GitHub have recently completed an archiving project that saw 21TB of its 6000 most important code repositories, including Linux and Android source code as well as material from Facebook and Netflix and stored offline in the Arctic World Archive in Svalbard - an icy island midway between the North Pole and the Arctic Circle that is part of Norway.
While the location of the archive may be somewhere special the archiving format and technology is also extreme. The concept is to maintain an independent archive that can last for hundreds of years. It is based on technology from Piql, a specialist Norwegian firm that started life working on archiving cinema films. Cinema/photographic film has a proven long life (some already is well over 100 years) and Piql believe their film will last for over 1000 years. Piql’s technique is to copy the digital data to film in the form of high density QR codes, with these frames alongside a more readable version. Piql have developed the high speed readers to search and retrieve the data from the film and can provide clients with the ‘restored’ data. The GitHub data corresponds to just 186 reels of Piqlfilm.

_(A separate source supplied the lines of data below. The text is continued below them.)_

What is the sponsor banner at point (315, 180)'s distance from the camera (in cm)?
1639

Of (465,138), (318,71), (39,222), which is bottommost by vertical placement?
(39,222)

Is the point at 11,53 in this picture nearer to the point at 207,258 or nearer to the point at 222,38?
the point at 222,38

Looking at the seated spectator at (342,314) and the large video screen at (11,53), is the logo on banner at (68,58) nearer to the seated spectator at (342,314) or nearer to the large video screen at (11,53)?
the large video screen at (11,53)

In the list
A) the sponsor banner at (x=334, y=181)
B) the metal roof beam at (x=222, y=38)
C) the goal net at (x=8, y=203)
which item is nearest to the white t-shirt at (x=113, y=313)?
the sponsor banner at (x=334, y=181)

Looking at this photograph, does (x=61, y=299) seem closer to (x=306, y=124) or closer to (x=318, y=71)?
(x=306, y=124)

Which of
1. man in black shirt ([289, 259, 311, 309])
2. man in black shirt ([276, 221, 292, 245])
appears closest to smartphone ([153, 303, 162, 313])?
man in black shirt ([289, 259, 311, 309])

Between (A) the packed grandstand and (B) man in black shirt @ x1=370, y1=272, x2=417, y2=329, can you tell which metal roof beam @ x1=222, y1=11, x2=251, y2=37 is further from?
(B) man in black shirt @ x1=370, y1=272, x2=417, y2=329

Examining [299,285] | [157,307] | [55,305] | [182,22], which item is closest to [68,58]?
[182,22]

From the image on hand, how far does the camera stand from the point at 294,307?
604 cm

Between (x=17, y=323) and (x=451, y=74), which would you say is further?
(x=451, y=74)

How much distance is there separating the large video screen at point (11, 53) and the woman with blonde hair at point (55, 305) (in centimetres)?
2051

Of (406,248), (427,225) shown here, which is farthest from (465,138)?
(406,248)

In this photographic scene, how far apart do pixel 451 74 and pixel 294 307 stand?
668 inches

GitHub have also produced a detailed user manual relating to its archived repositories along with some other classic written works so that in case it’s discovered after an apocalypse, or by aliens, or by something that doesn’t know much about present humanity. The introductory letter says “This archive, the GitHub Code Vault, was established by the GitHub Archive Program, whose mission is to preserve open source software for future generations….You may be reading this one year from now, or one thousand, but either way, we hope its contents, and perhaps the very concept of open source, are useful to you.”
Piql and the AWA are both supported by project funds from the European Union.
Images from Piql.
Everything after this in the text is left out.